# Tabellen-Dokument als Datenbank



## Guest (27. Mrz 2008)

Hallo zusammen,

ich hatte mal mit C# die Möglichkeit eine Excel-Datei wie eine Datenbank anzusprechen und mit Ihr zu arbeiten. Das fand ich recht praktisch, da ich damit die "Datenbank" leicht transportieren konnte und da die Datenmenge recht gering war, wäre eine echte Datenbank auch zu viel gewesen.

Hab ich in java auch diese möglichkeit? Evtl mit Open Office Dokumenten?? Wenn ja wie?

Hintergrund ist, dass ich mir nicht irgendeine eigene Struktur entwickeln möchte, sondern mit einer art SQL-Syntax darauf zugreifen möchte fals ich doch einmal eine Datenbank einbaue.

Das Open Office Dokument kann ich ja irgendwie auslesen, aber als XML-Format. Da müßte ich dann ja über die Knoten iterrien usw.

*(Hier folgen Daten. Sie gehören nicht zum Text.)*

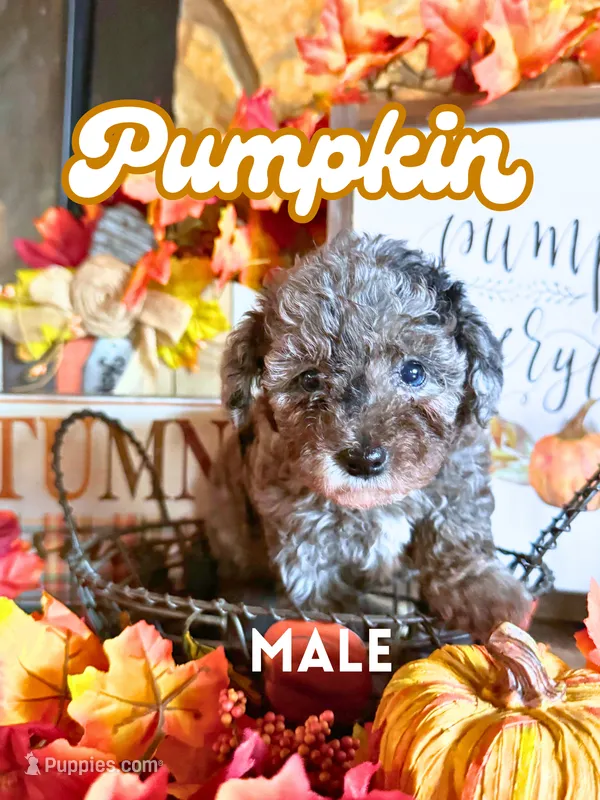 Pumpkin AKC – Poodle - Toy  puppy for sale in Palatka, FL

Ich hätte lieber etwas, woch ich mit simplen selects auf die Daten lesend und schreibend zugreifen kann. 

Kann mir da einer helfen??

Danke im voraus!!


----------



## Guest (27. Mrz 2008)

Nie mit Excel versucht, aber über ODBC sollte es gehen.
Treibär  : sun.jdbc.odbc.JdbcOdbcDriver


----------



## HoaX (28. Mrz 2008)

das setzt dann natürlich voraus dass der anwender windows und excel hat. wieso nicht h2, hsqldb, ...? das sind komplette datenbanken die du embedded verwenden kannst, und die zusätzliche lib ist jetz auch nicht so groß (bei h2 1,1mb)


----------